Oilers legend squared off against Jets Hall of Famer throughout career while also teaming up on iconic 1987 Canada Cup squad

by Staff /

EDMONTON, AB - Two of the greatest hockey players ever shared memories from their glory days one last time on Monday, one day before one of them passed away after a courageous battle with cancer.

Oilers legend Wayne Gretzky told's Tim Campbell that he talked on the phone with Dale Hawerchuk mere hours before the fellow Hockey Hall of Famer succumbed to his fight with stomach cancer at the age of 57.

Gretzky and Hawerchuk entered the NHL just two seasons apart and played countless games against one another in the 1980s with Wayne's Oilers and Dale's Winnipeg Jets both members of the old Smythe Division.

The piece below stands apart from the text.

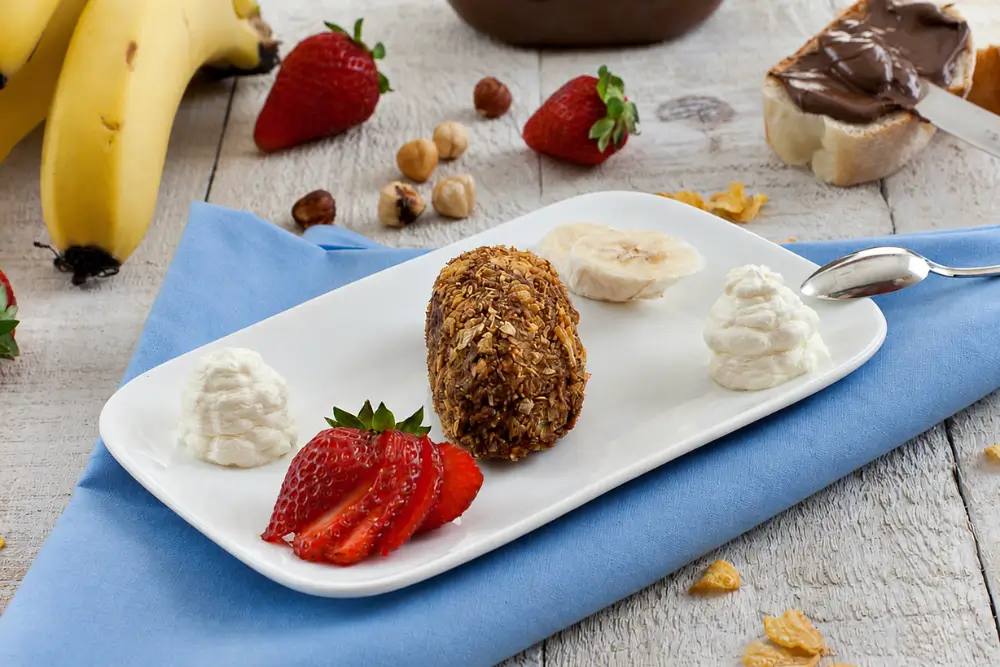 Hardened Nutella shaped with a hazelnut pressed into the centre.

The bulk of their last conversation on Monday wasn't about their longtime rivalry, though, but rather the time they joined forces to capture the 1987 Canada Cup with Hawerchuk winning the faceoff to start the play that saw Gretzky set up Mario Lemieux for the tournament-clinching goal against the Soviets.

"I had a really nice conversation with Dale yesterday and his son, Eric, and we were talking about the Canada Cup," Gretzky said on Tuesday. "And I was telling his son that he should be really proud of his dad, and obviously he was, that if you watched highlights, and because of the pandemic we've gotten to see some of the games from 1987 that we haven't seen for a long time. But if you looked at it and followed it closely, which I did, Dale played pretty much everywhere but left defence with Paul Coffey, left wing, right wing, everywhere."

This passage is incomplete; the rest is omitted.